The problem:
Starting with the line that has "Korea Selatan Tekuk" in the records below and ending with the line that has "ERB 17451 IProtect", output those lines exactly and nothing more; omit the pictures.

Study material:

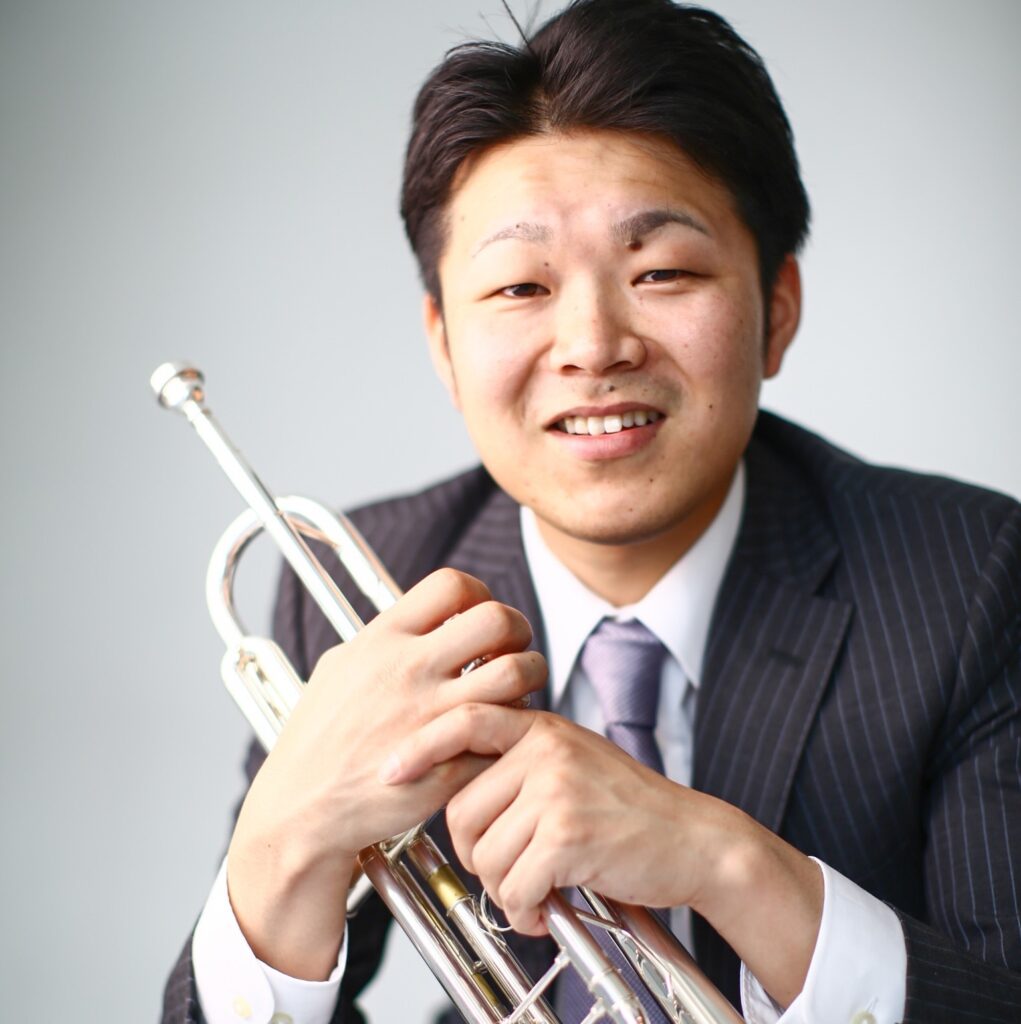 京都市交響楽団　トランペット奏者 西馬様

* * *

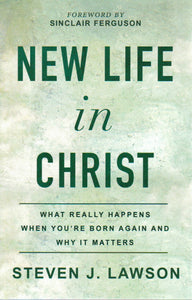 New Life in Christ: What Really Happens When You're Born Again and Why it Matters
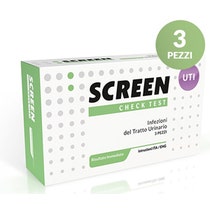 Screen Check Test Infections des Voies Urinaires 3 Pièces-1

---

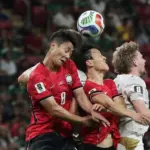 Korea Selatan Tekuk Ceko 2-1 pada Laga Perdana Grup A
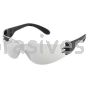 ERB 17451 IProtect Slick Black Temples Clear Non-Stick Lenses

Expected answer:
 Korea Selatan Tekuk Ceko 2-1 pada Laga Perdana Grup A
 ERB 17451 IProtect Slick Black Temples Clear Non-Stick Lenses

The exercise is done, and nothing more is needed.